= Beginning of Section =
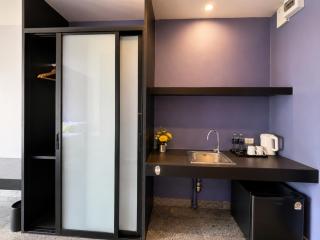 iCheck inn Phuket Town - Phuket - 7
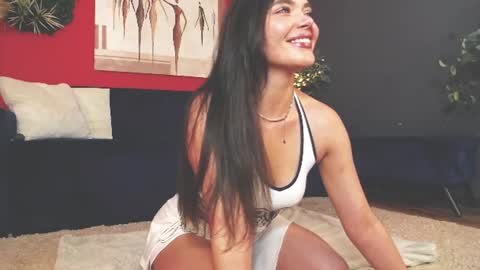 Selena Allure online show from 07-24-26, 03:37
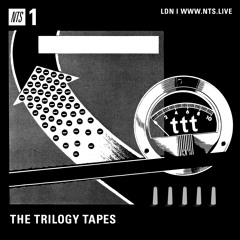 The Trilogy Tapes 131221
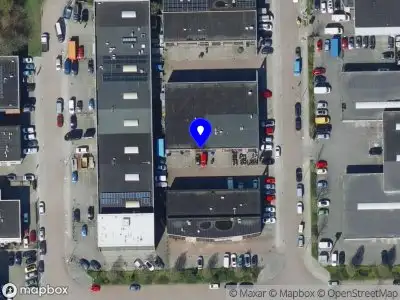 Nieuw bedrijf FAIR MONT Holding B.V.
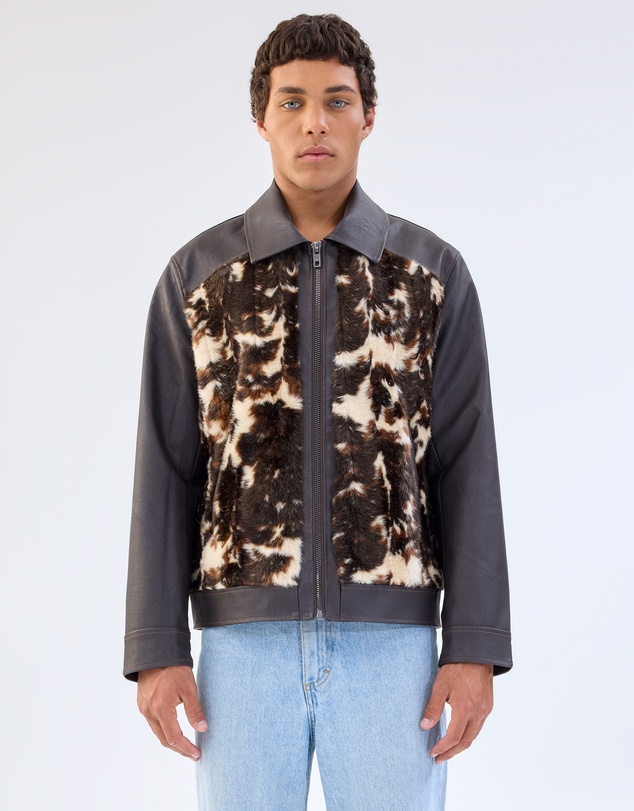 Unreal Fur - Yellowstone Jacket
= End of Section =
Restate the material above word for word, dropping the pictures.

◆ Answer to the problem
 iCheck inn Phuket Town - Phuket - 7
 Selena Allure online show from 07-24-26, 03:37
 The Trilogy Tapes 131221
 Nieuw bedrijf FAIR MONT Holding B.V.
 Unreal Fur - Yellowstone Jacket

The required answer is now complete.